There is little debate over Alastair Clarkson’s standing in the game as a vindicated genius. He is almost universally viewed as one of the best coaches in the game’s history. There are many aspects which set him apart from other coaches. One of his strongest talents is his ability to identify certain attributes of opposition players, target them with a role in mind and turn them into stars.
This was exemplified by his recruitment of Brent Guerra, who had been a frustrating player at two different clubs prior to joining Hawthorn where he excelled in a key role as a defensive rebounder off half back. Likewise, the transformation of Josh Gibson after his recruitment from North Melbourne was immense. The big-hearted, undersized back man became a key component in the Hawks’ juggernaut. He was named All Australian and won two Peter Crimmins medals in premiership years after being cast in the zone off role, free in defence. Another player Clarkson recruited from North Melbourne was David Hale. He became another important player in Alastair Clarkson’s game plan as a very clever 2nd ruck and resting forward and despite being relatively underwhelming at the Kangaroos, he became well regarded for having a huge impact in big games during his career at Hawthorn.
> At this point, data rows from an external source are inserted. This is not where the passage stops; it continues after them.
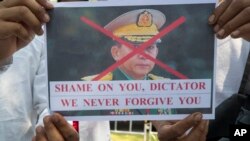 Thailanda: protest împotriva puciului militar din Myanmar.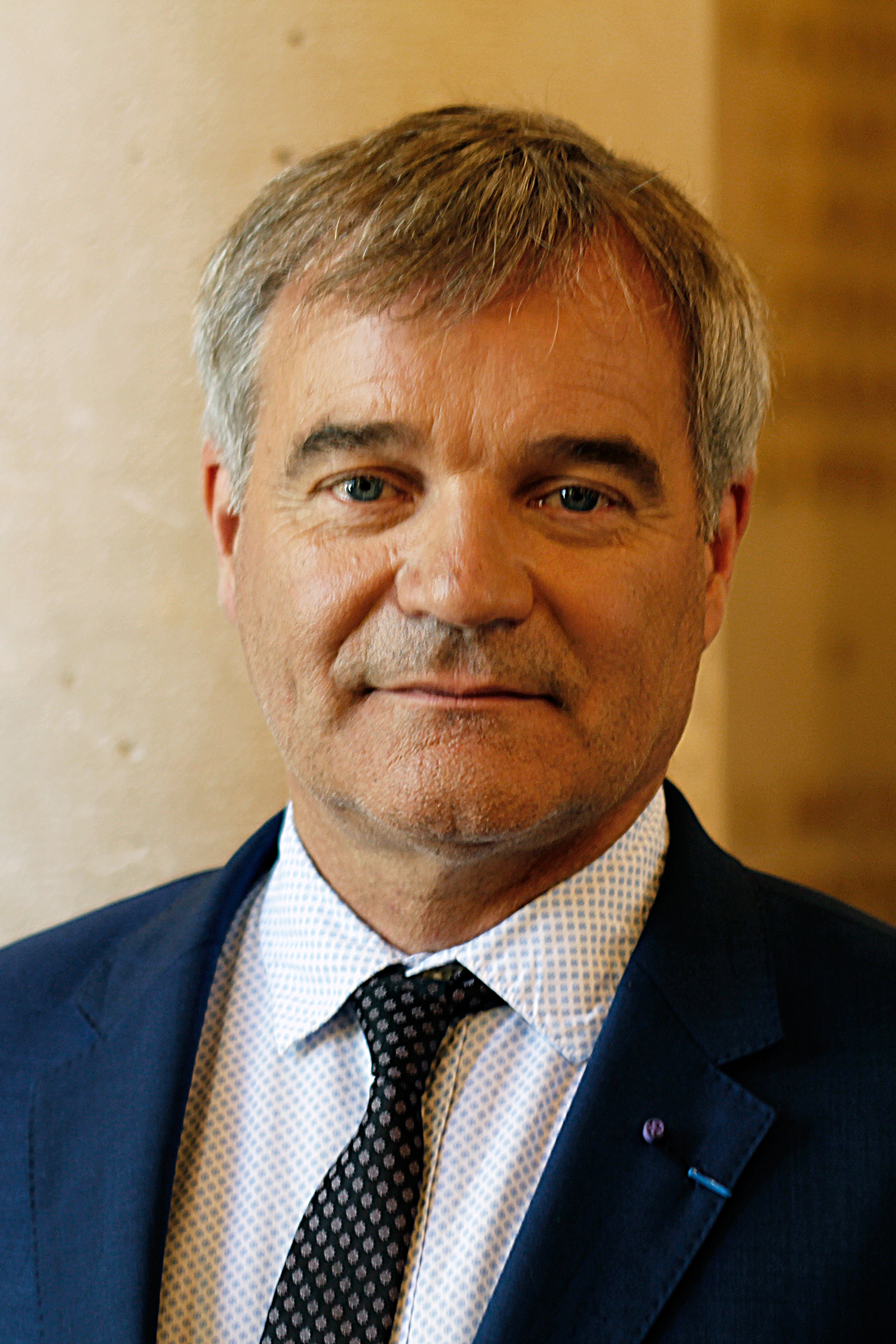Richard Lioger in July 2017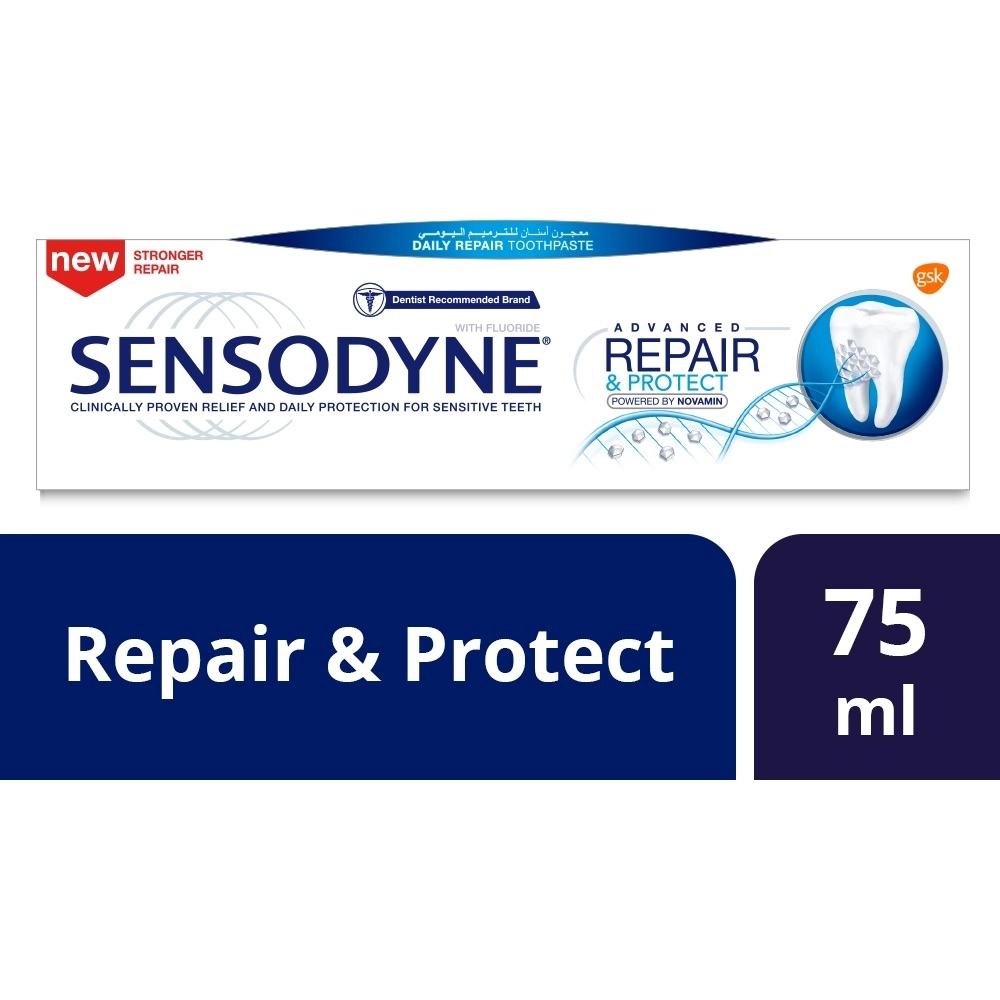 Advanced Repair & Protect NovaMin Toothpaste 75ml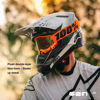 Picture of 100% Strata 2 Motocross & Mountain Bike Goggles - MX and MTB Racing Protective Eyewear (Blue - Clear Lens)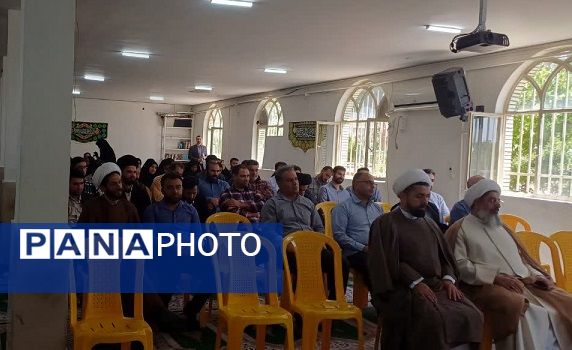 مراسم گرامیداشت هفته امور تربیتی در حوزه علمیه هشتگرد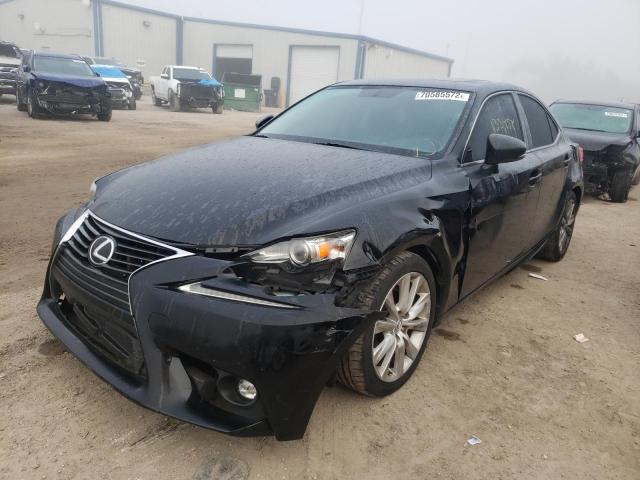 LEXUS IS 250 2015 with VIN JTHBF1D22F5081005 - Photo from auction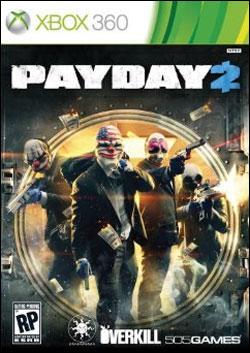 Payday 2 Box art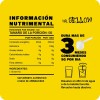 Glutamina Mr. Yellow en Polvo Sabor Mango de 500 g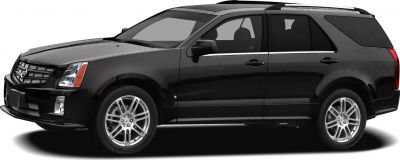 2004 Cadillac SRX 3/4 front-left view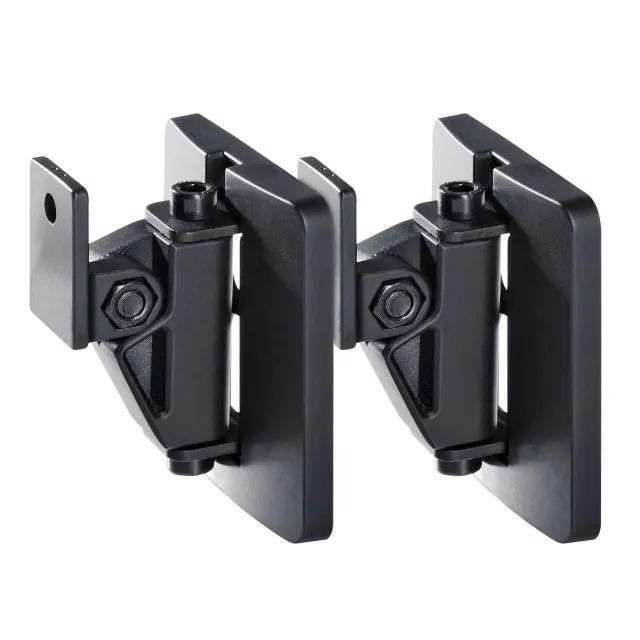 Teufel AC 3500 SM support mural micro-enceinte noir paire métal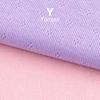 Tejido Jacquard Pequeño de Cuatro Puntos de 220g Viscosa Textura de Vórtice Tejido Jacquard Sándwich Traje de Exportación Tela para Ropa de Niños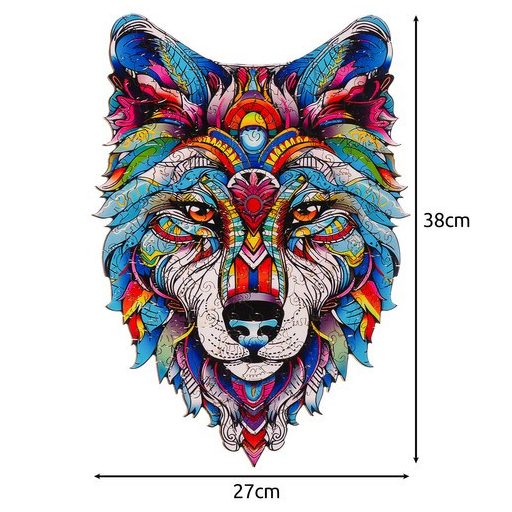 Fa kirakó – Kruzzel puzzle 24552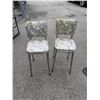 Image 1 : Vintage stools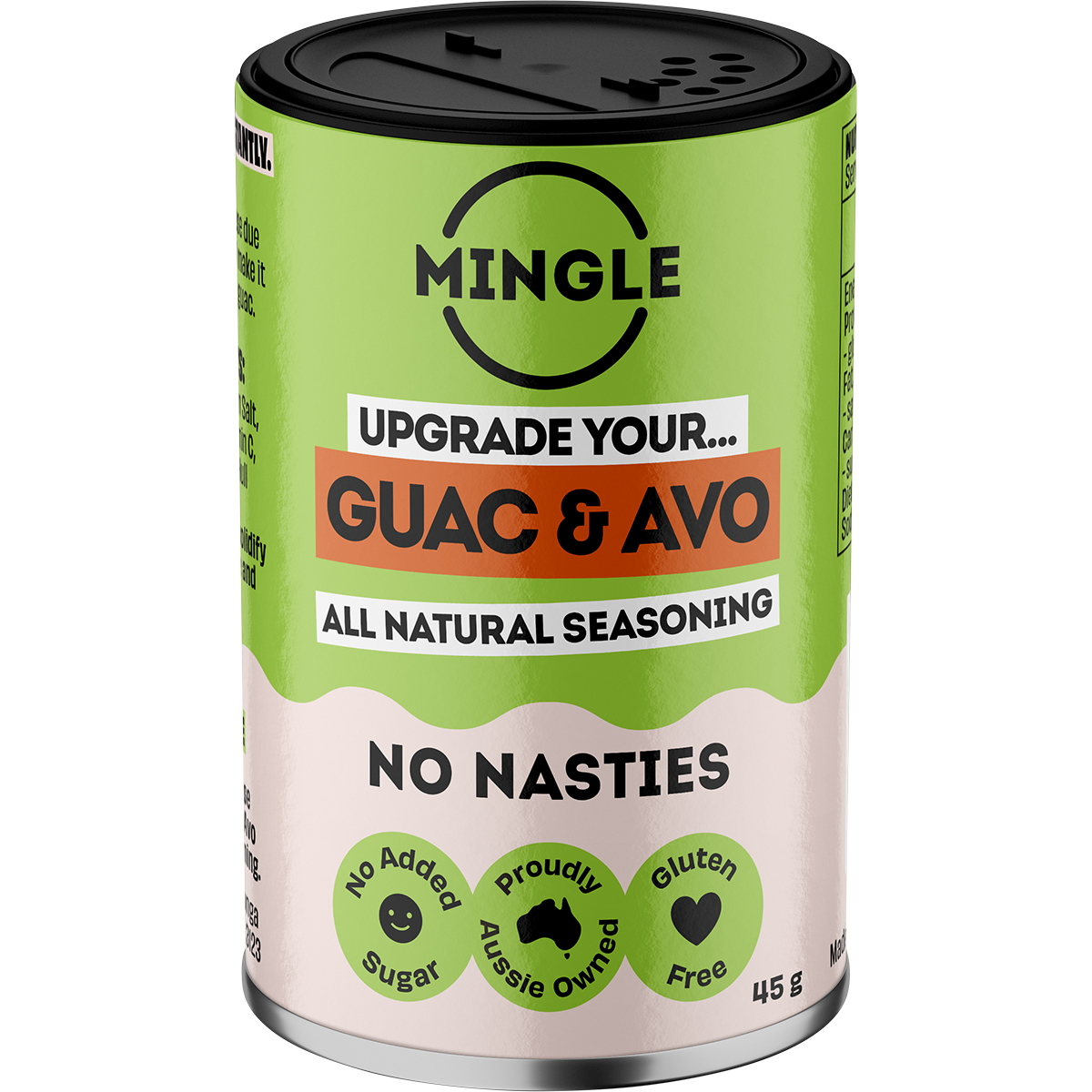 Mingle - Guac & Avo All Natural Seasoning 45g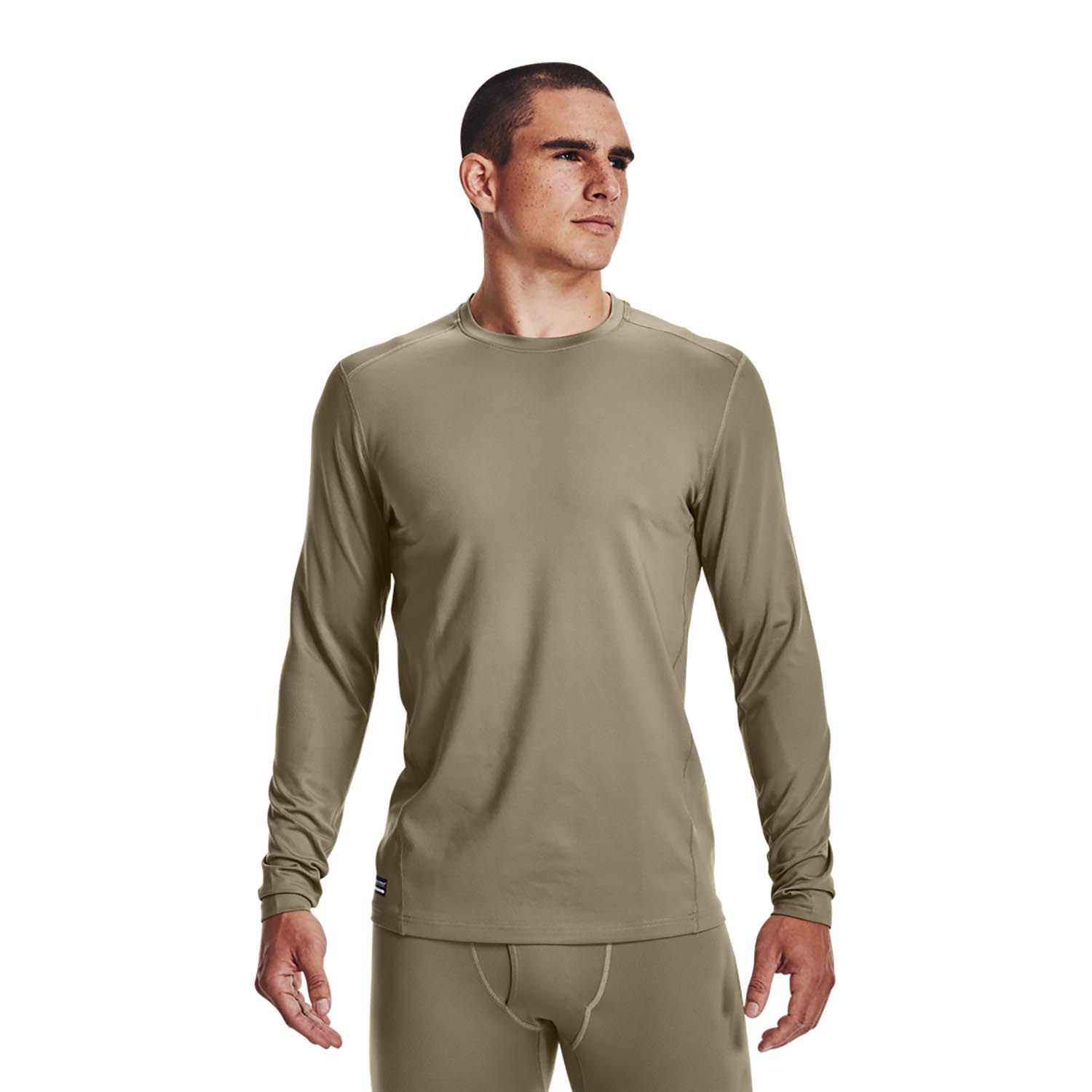 UNDER ARMOUR MEN'S TACTICAL COLDGEAR INFRARED BASE CREW SHIR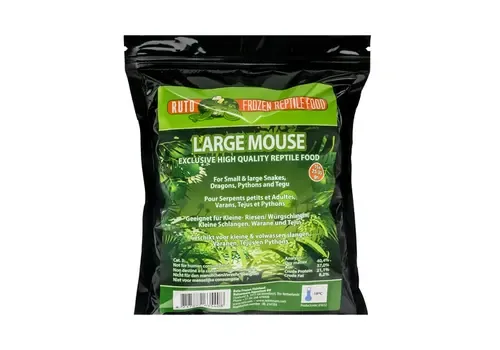 Ruto Large Volwassen muizen 25 - 30  gram 15 stuks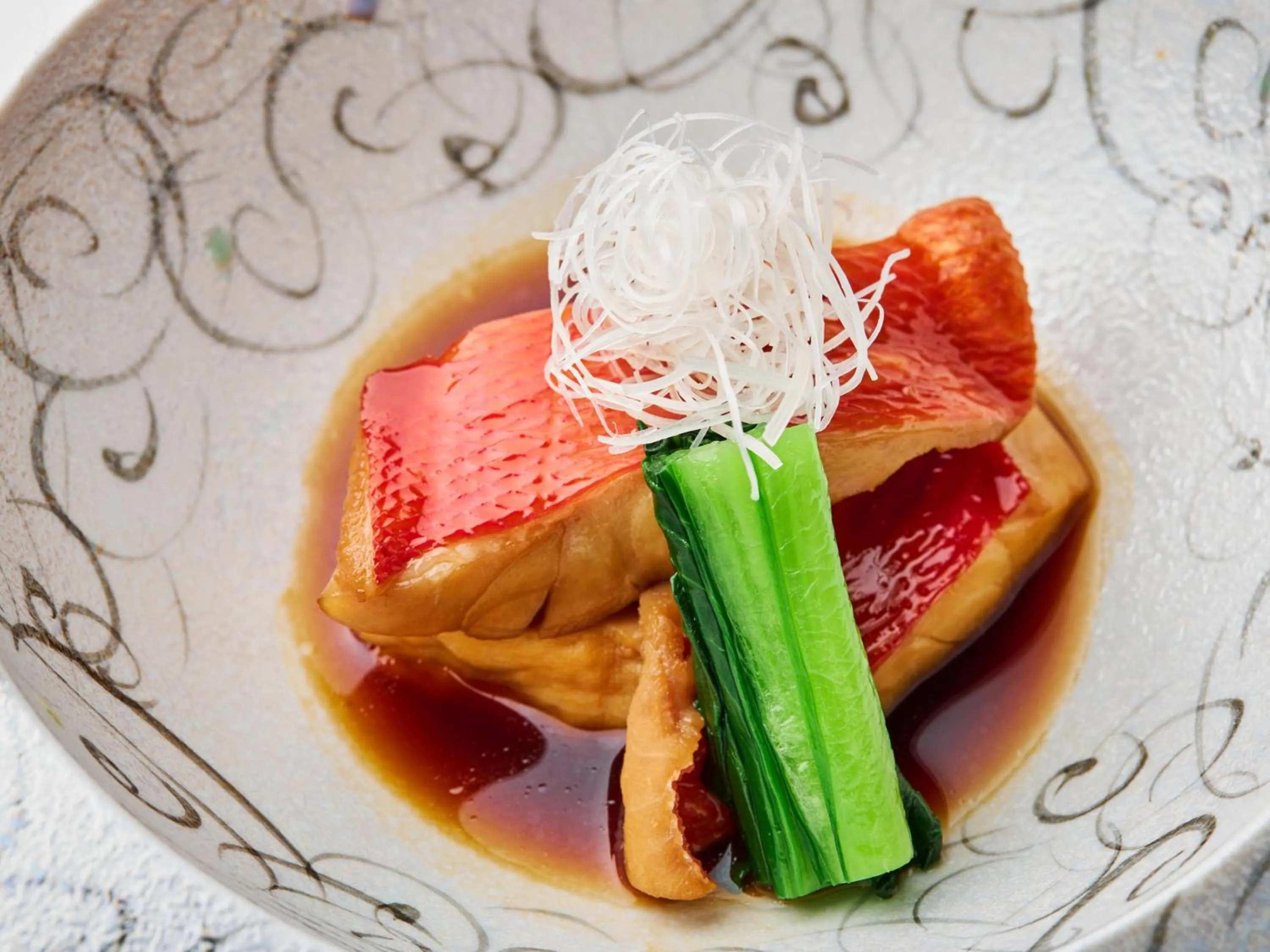 Dinner in Atami Izusan Karaku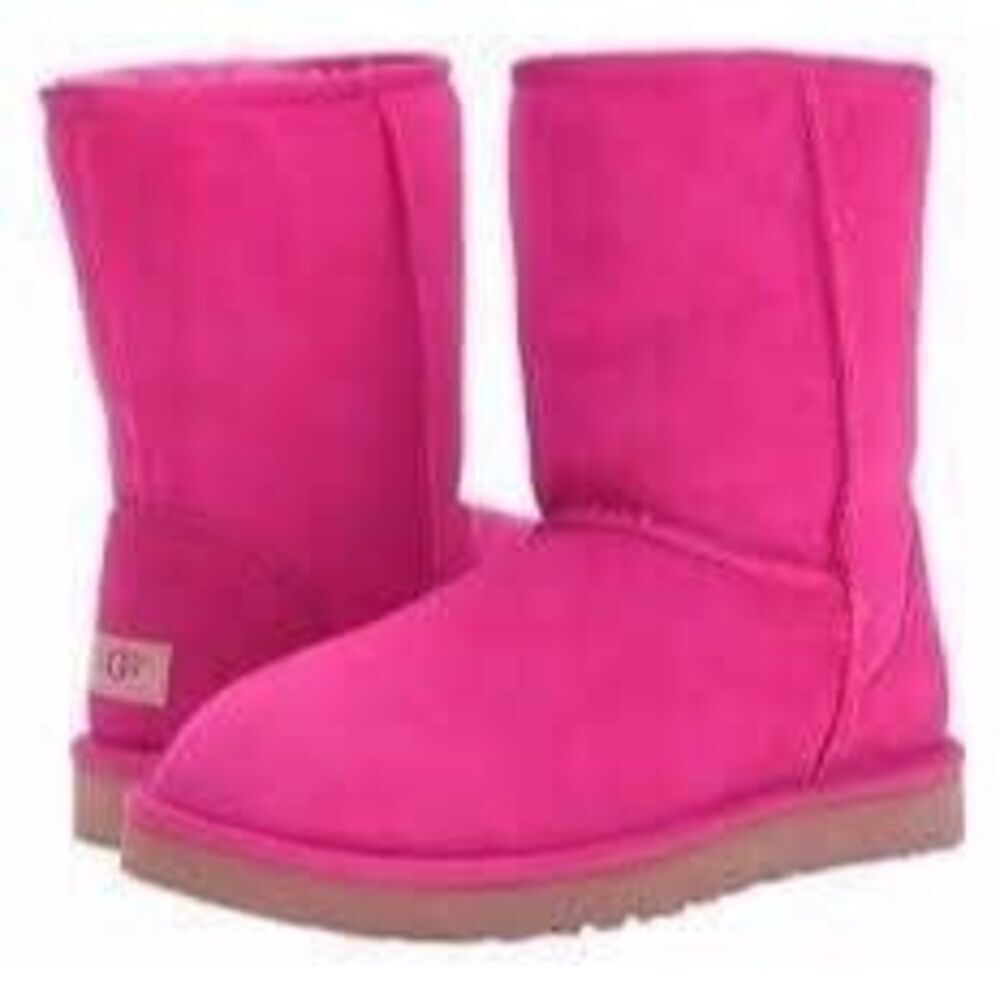 Ugg Hot pink Classsic Boots 6 Women's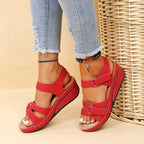 Women's Sandals Contoured Arch Support Breathable Open Design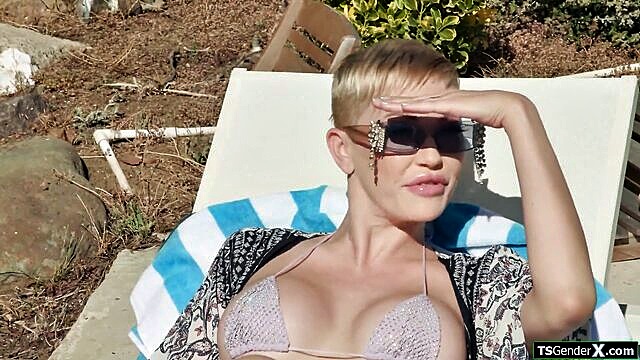 shemale, shemale on girl, tranny - big cock shemale fuck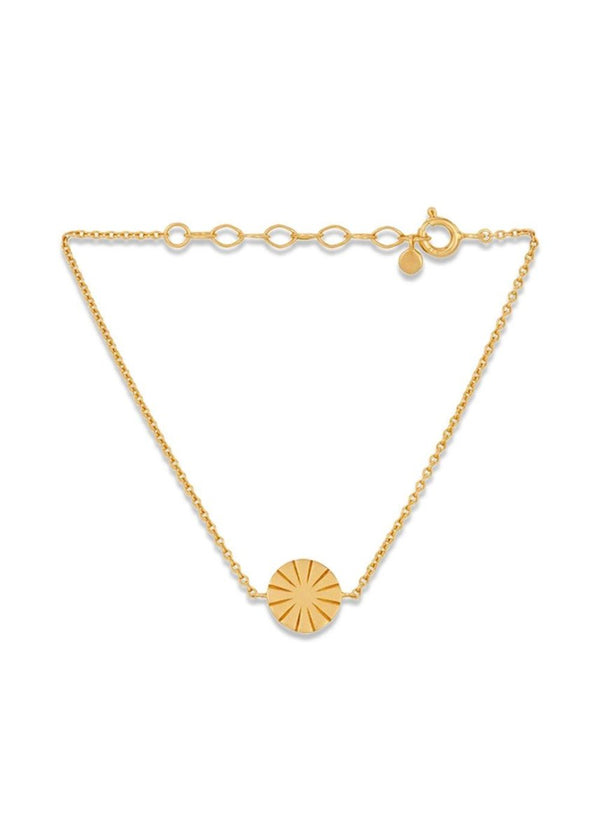 Pernille Corydons Era Bracelet - Guld. Køb smykker her.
If the following quotes are anything to go on, it seems Clarkson has similar intentions for Jarman Impey, who the Hawks recently acquired in a trade from Port Adelaide.
“We recognise he’s got some significant strength around his speed and raw power and we want to see that in the forward line, midfield and when we need it, in the back end.’
“If he gets that exposure, confidence in himself, belief and impact in the manner we’d like, then he can become an A-grade player for us.”
The latter part of the first quote hints at a reluctance towards using Impey in the back half and instead indicates Clarkson’s intention to fully utilise him in the crucial middle part of the ground. His jet heels could be potentially devastating, in bursts, as an attacking force, in breaking the lines through the forward presses from oppositions, to aid in transition into attack. This would be similar to the role played by Cyril Rioli throughout his glittering career, as a burst presence in the midfield to complement his forward role. Rioli would then use his precocious ‘x-factor’ to help facilitate the rebound from defence into attack (see attached video below) and it is hoped that Impey would follow suit. It was no coincidence that the absence of Rioli for large parts of 2017, not just as a forward, but in this crucial midfield role, was key in the demise of Hawthorn’s once vaunted forward line. This deprived the team of this ‘x-factor’ element and the corresponding unpredictability of its forward half entries. It was little wonder the Hawks recruited Impey. I am sure, also, that he would be able to offer support to Rioli after his recent injury concerns and his father’s ill health.
As with all preconceived roles, they are only made valid when others facilitate them by performing their own duties. Conor Glass could fill one such role if he could seal a position off half back where the temptation would be to use Impey due to his pace and line breaking ability. With the inclusion of Blake Hardwick as a small defender and James Sicily in the same zone off role that garnered universal acclaim for Josh Gibson, the team’s defensive rebound would be reinforced, after being a notable weakness early in the 2017 season. These players should aid Conor Glass in succeeding in the half back role. Hardwick is a skilled rebounder with long decisive kicking and whilst Sicily is a more cavalier defender, he has the elite foot skills and associated daring to nail many scything kicks that remind me of Matthew Suckling. Glass, with the blitzing pace he offers and courage to take on the game, would be the final puzzle piece needed to make the defensive rebound lethal due to its eclectic nature.
If the club implemented the above plan, this would allow Impey to be used in a more offensive manner. This could then give Impey the chance to rise to A-grade status, as boldly predicted by Alastair Clarkson.